## Supplied material
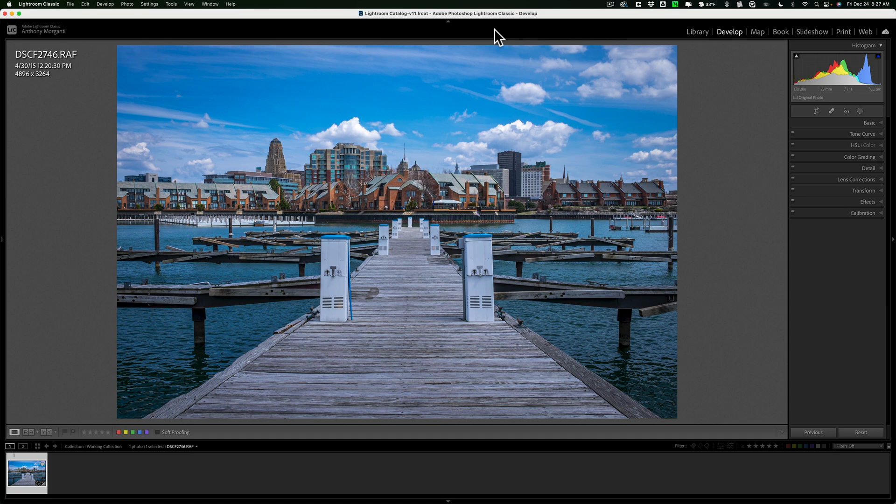I have this image here. It's a relatively old image, a raw file shot with the Fujifilm X-T1.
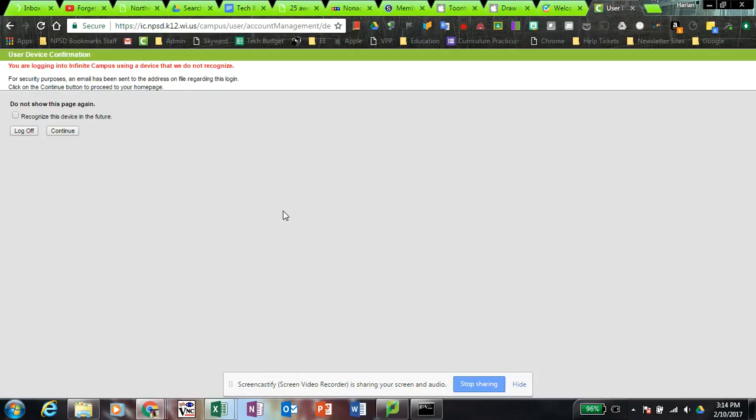This will happen on your laptop, if you sign in on an iPad, if you go home and sign in on a different computer, or a Chromebook. You're always going to get this message the first time you log in on that device.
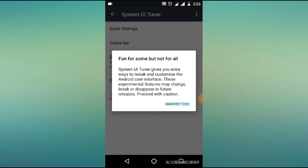This is fun, but not for all. You can change all the settings and the advantages. The System UI Tuner gives you extra ways to tweak and customize the Android user interface.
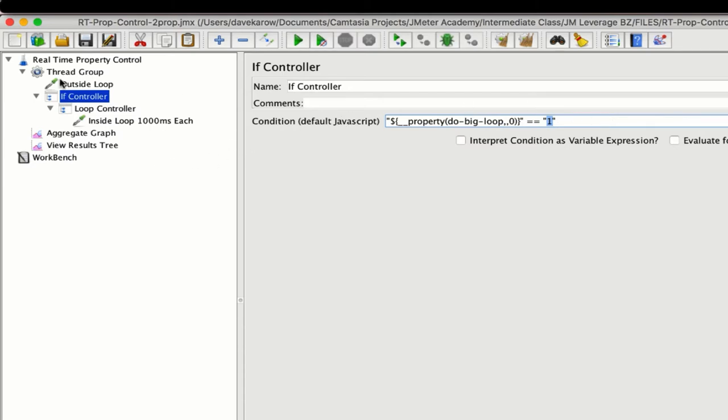This is a super simple example just to make my point. Bear in mind that anywhere you can use a JMeter property, you can control it remotely mid-test with the feature I'm about to show you.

## Problem to solve
With the pictures removed, write out exactly the lines from the line containing "This is fun, but" through the last line of the material above, both included.

## Exercise answer
This is fun, but not for all. You can change all the settings and the advantages. The System UI Tuner gives you extra ways to tweak and customize the Android user interface.
This is a super simple example just to make my point. Bear in mind that anywhere you can use a JMeter property, you can control it remotely mid-test with the feature I'm about to show you.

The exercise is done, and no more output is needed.